Discover more from benn.substack
Has SQL gone too far?
The case for better business models.
Death, taxes, and SQL.
Amid all of the growth, upheaval, and reinvention in the data industry over the last decade, the only durable consensus has been our appreciation of SQL. Every time we flirt with some NoSQL alternative, we end up rebounding back to SQL. Every time someone puts out a new proprietary rewrite—JQL, NRQL, Juttle—the community responds with the same pleading reaction: Please stop doing this.
Remarkably, our attachment to a half-century old technology isn’t inspired by some Churchillian acceptance of our lowly lot in life—“SQL is the worst way to interact with data, except for all the others that have been tried.” No, it’s an active advocacy, in which we don’t want to just protect SQL’s current beachhead as the dominant way to extract and manipulate data, but also want to expand its reach further: SQL for AI; SQL for real-time applications;1 SQL for data pipelines.
Of course, few people would claim that SQL is the best language for everything. I haven’t seen anyone argue that we should use SQL to describe a data visualization, or to create complex statistical forecasts. No matter how deep our affection for SQL runs, we know—obviously and uncontroversially—SQL has limits.2
As a technical luddite who still can’t make conceptual heads or tails of how to do anything with a Pandas dataframe, I’ve long been an advocate of pushing those limits.3 I’ve worked almost exclusively in SQL for much of my career; just as English defines how I see the world, my understanding of data has been rewired around relational notions of tables and joins. Some people think in sentences, some in non-verbal thoughts—and data people, it seems, think in SQL. The more we can do in our native language, I’ve long thought, the easier our jobs will be.

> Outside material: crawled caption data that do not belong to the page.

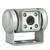 PERFECTVIEW CAM 45 SILVER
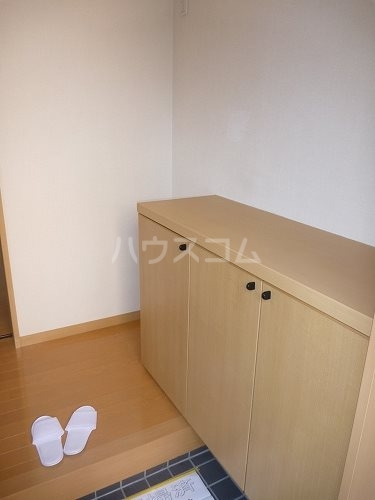 14/24 その他画像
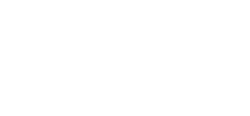 chinaccelerator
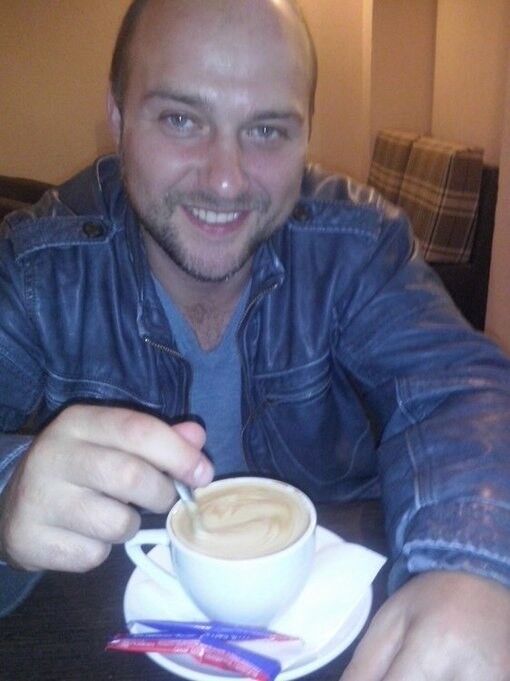 ���� 10854067 ������� ���, 44 ����, ���� ���������� � ������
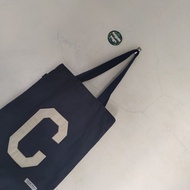 Tottebag Covernat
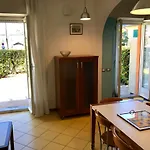 La Vecchia Caserma *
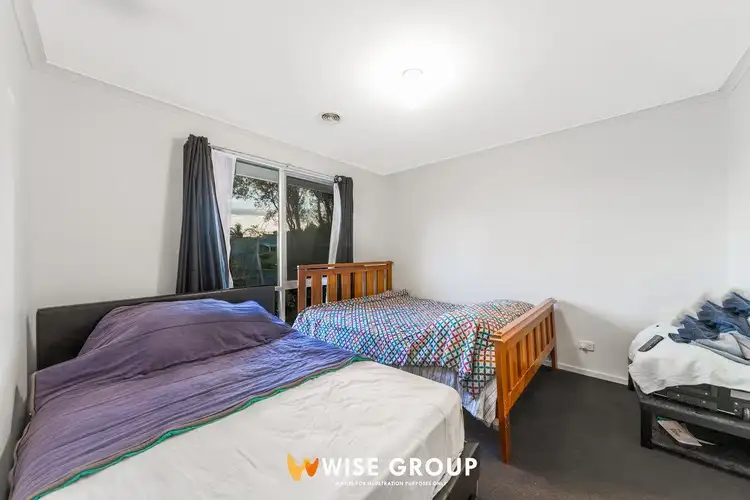 Sixth view of Homely house listing, 20 Norman Place, Narre Warren VIC 3805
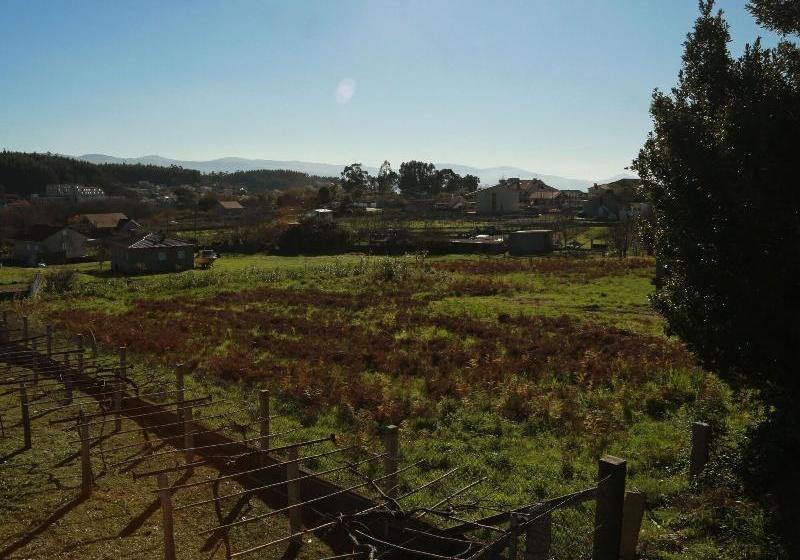 Casa Do Sear   Turismo Rural & Spa Exterior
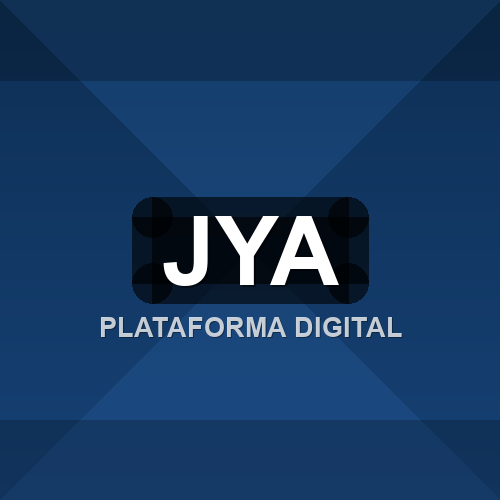 jya logo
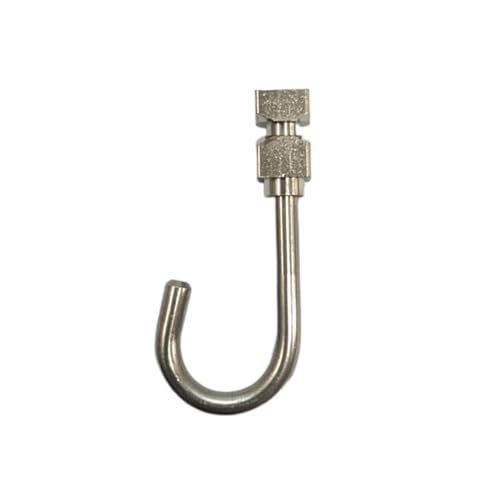 H| [TptbN [T sN`[[ i[tbN WR-1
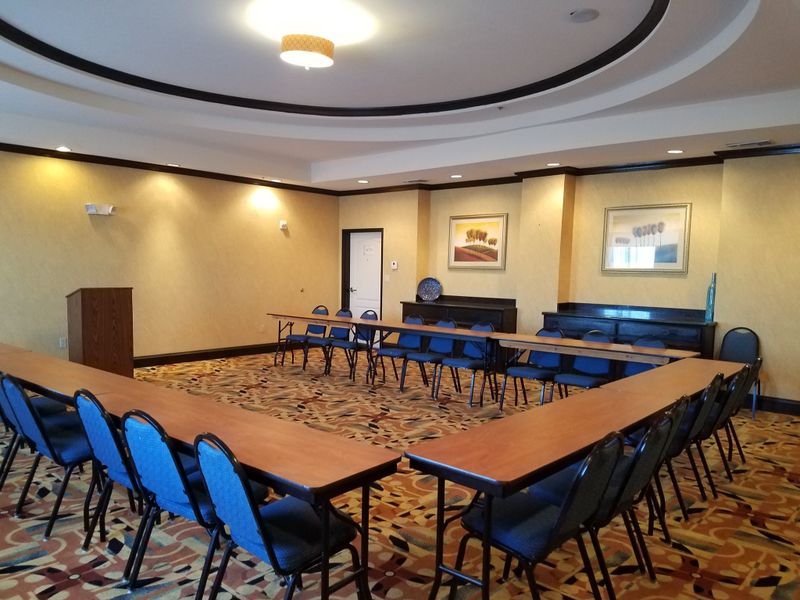 Hotel Photo 18
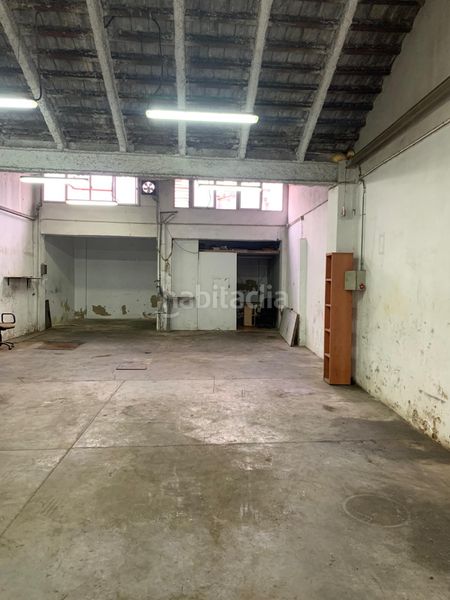 Foto 128053d1-f4e9-4412-a5ac-6bebe34641a2. Casa adossada a Tavernes de la Valldigna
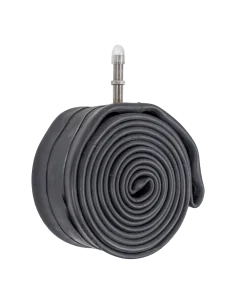 Binnenband Schwalbe AV21+ Air Plus 27,5" /54/7-584 - 40mm ventiel 2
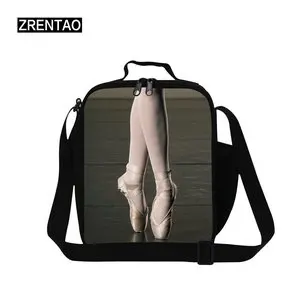 Cheap Bolsas p almoço
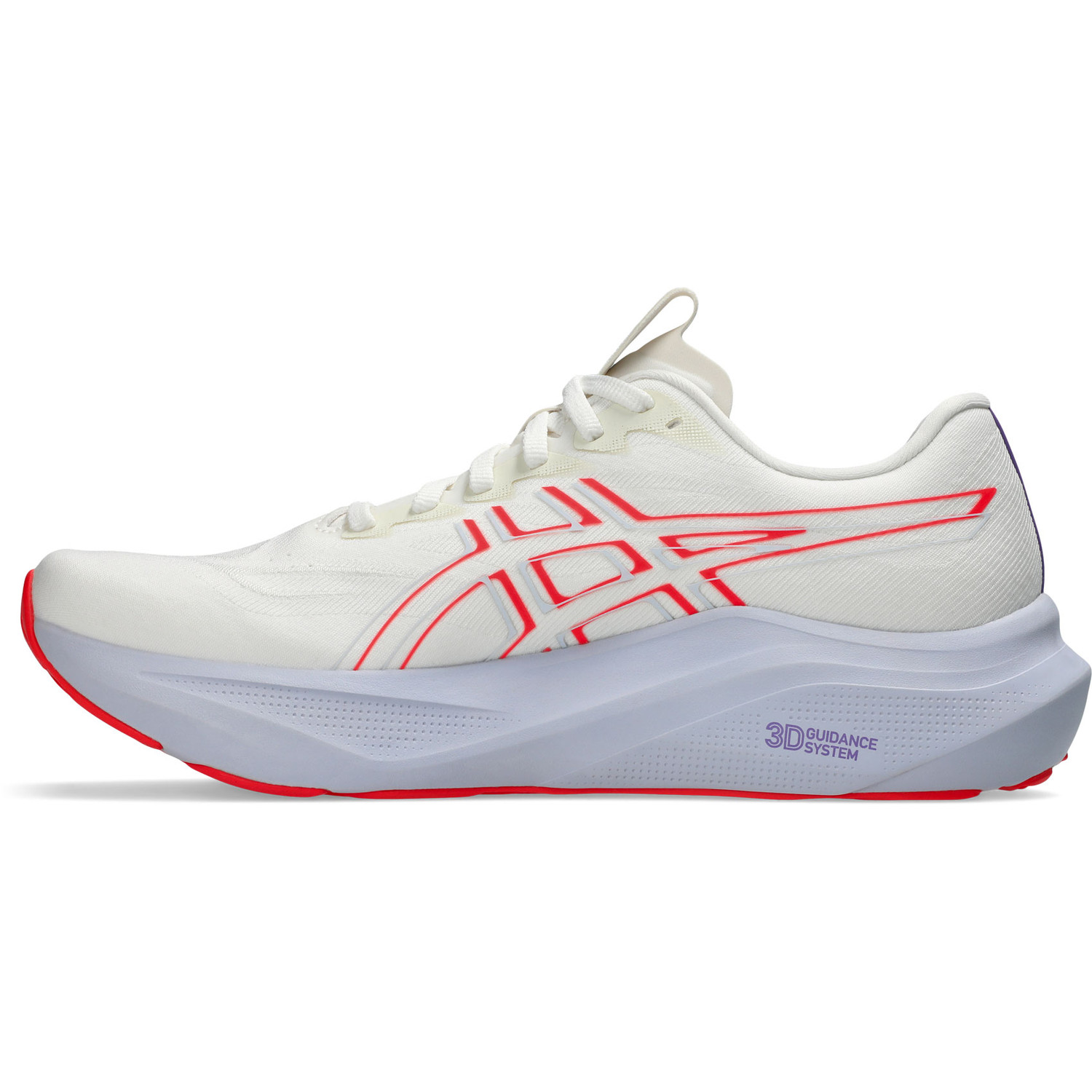 ASICS GT-2000 14 TOKYO Men - PassaSports.com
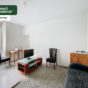 Appartement T1bis vendu – Rennes – Rue de Saint-Malo - AG3267-5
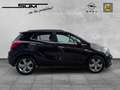 Opel Mokka Innovation ecoFlex  4X4 Bi-Xenon Kurvenlicht Mehrz Brun - thumbnail 8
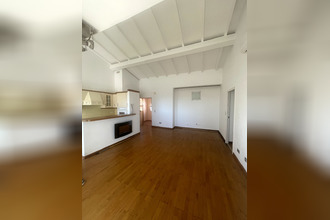  appartement furiani 20600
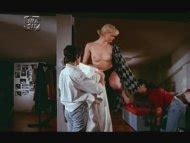 Cláudia Liz nude pics página 1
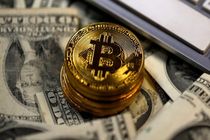 دستورالعمل های متعدد و سلیقه‌ای باعث سردرگمی فعالان حوزه رمزارز شده است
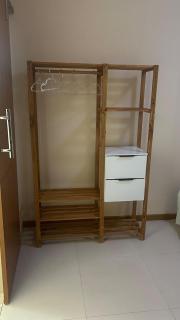 Apartamento aconchegante para COP 30 - localização Privilegiada - 8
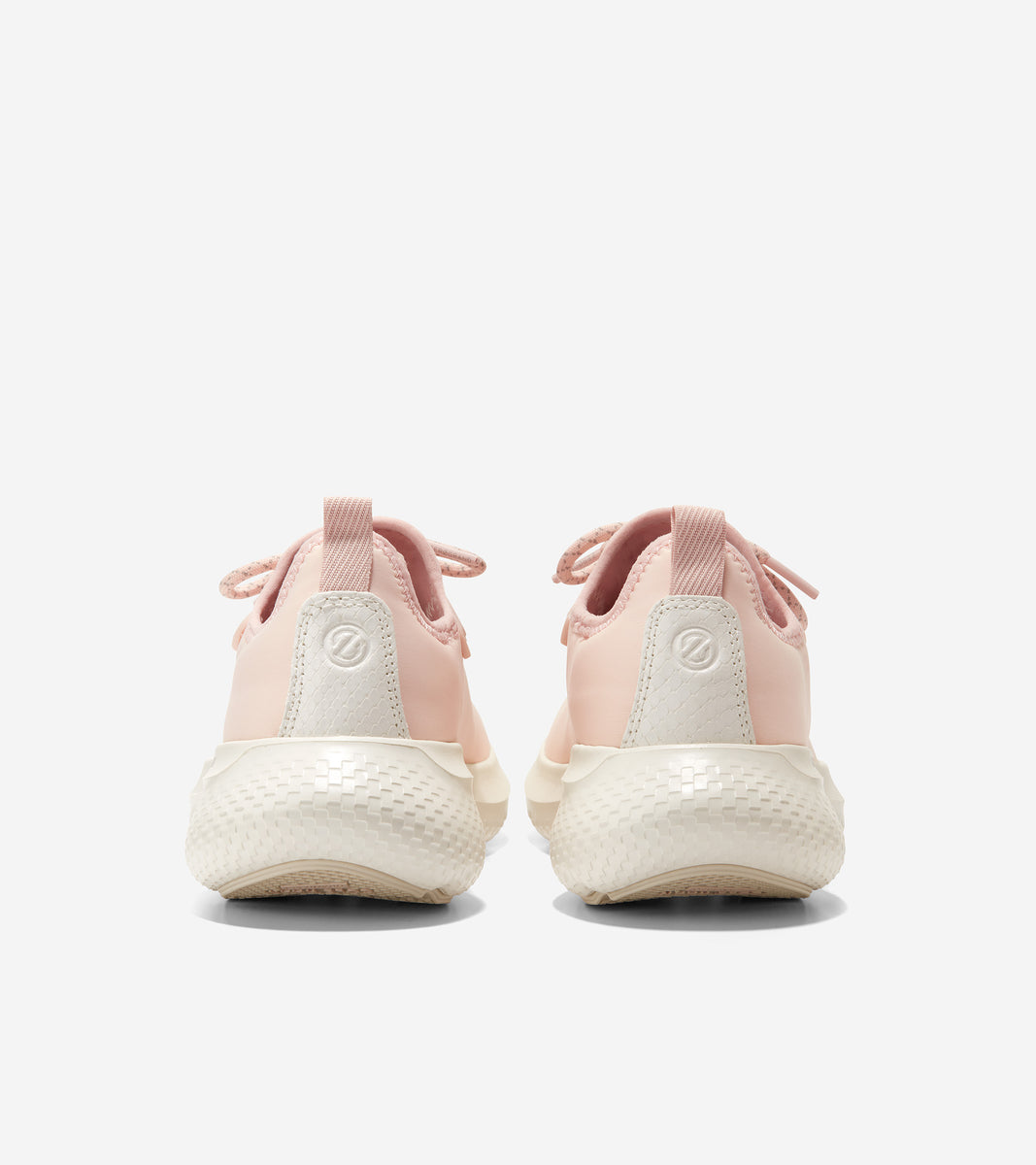 Women's ZERØGRAND Changepace Sneaker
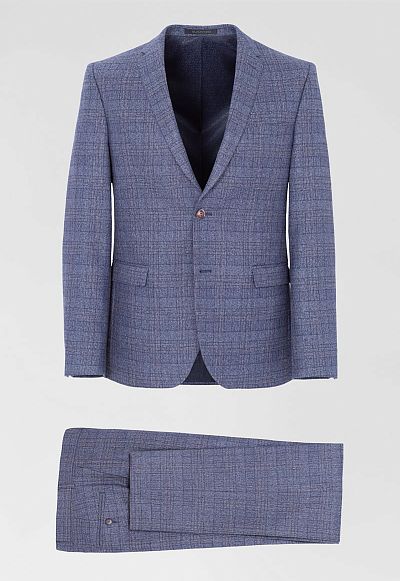 Костюм Эликс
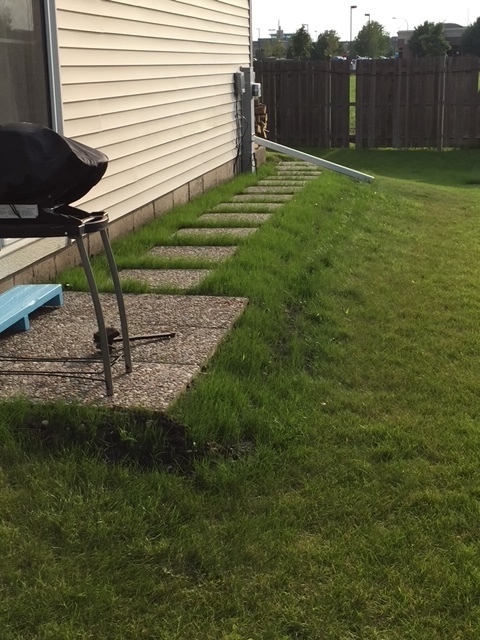 2827 CEDAR GLADE Drive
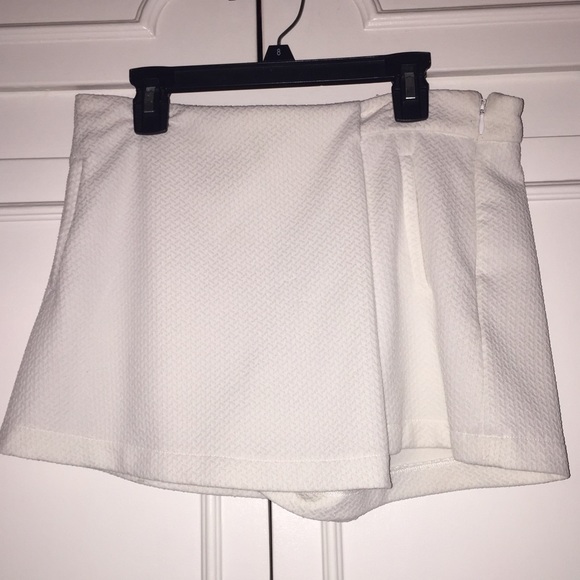 Forever 21 Pants - Forever 21 skort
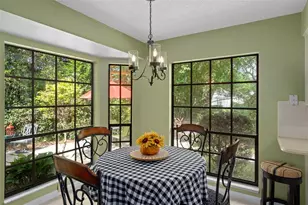 6421 Pine Meadows Dr, Spring Hill, FL 34606 - Photo 20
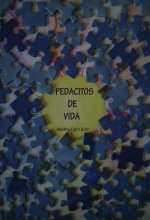 PEDACITOS DE VIDA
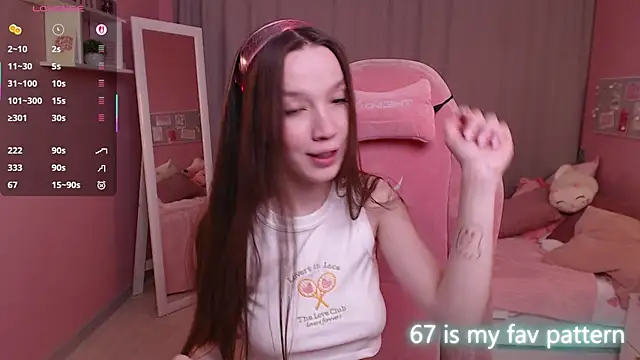 Shriya_Sarann's cam snapshot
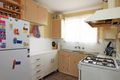 Property photo of 9 Quiberon Street Nowra NSW 2541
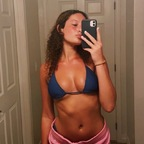 Cs @csbob1798 Leak OnlyFans 

 profile picture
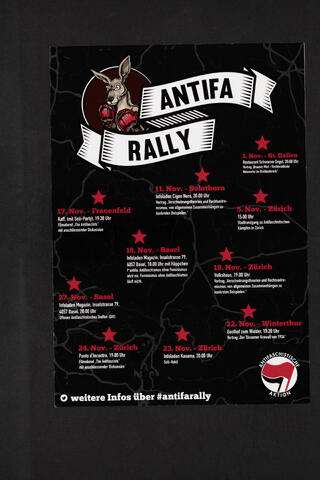 Open original Digitales Objekt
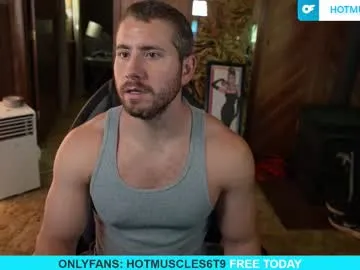 KAMESAN08 – webcam model profile photo Image 15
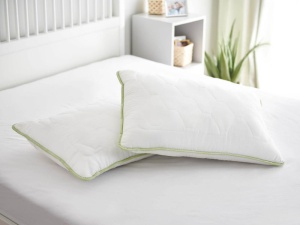 Комплект 2 Възглавници DORMEO Aloe Vera Classic JC5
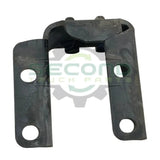 21395068 Genuine Volvo Bracket - Second Truck Parts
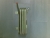 Bell Air Con Pipe Bank, Other components, Construction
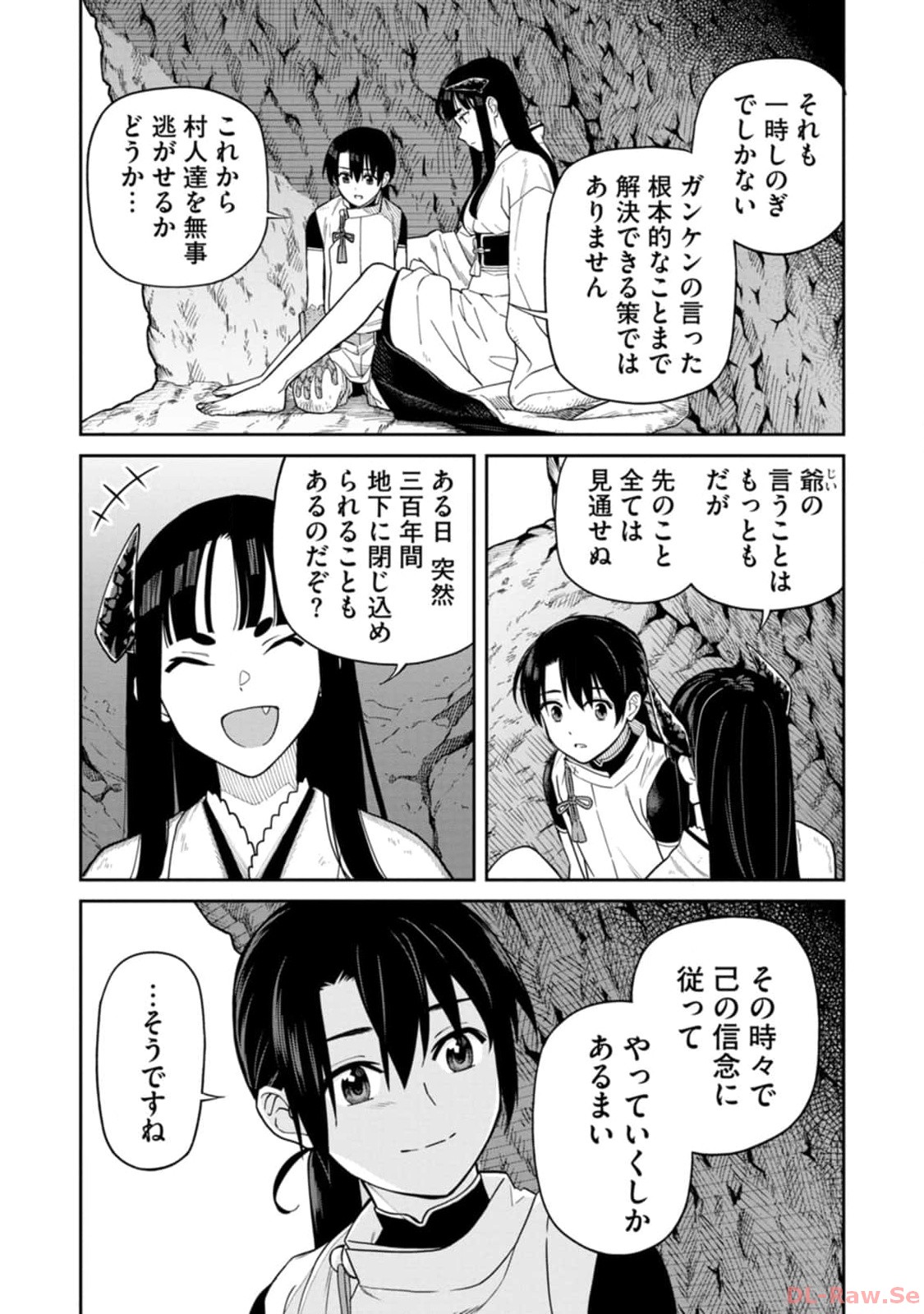 P27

In recent weeks, however, my faith has started to waver. Perhaps, perhaps, we’ve overreached. Perhaps, to nail a disputation on the church door,4 one of the core responsibilities of a data team—modeling a business, and defining a semantic layer—is best done in another language.
Business models aren’t relational models
After years of languishing in the backend of BI tools, semantic models—the set of definitions and specifications that inject raw data with meaning, like a formula that determines how to compute revenue from a list of credit card transitions—are having a moment. In the last twelve months alone, Looker branded themselves as a “universal semantic model;” dbt declared that a semantic layer is the next layer of the modern data stack; AtScale said that the universal semantic layer is more important than ever; and multiple companies launched dedicated semantic layer products. To cap it off, not only has a new role emerged to maintain the semantic model; it was proposed as the world’s sexiest job.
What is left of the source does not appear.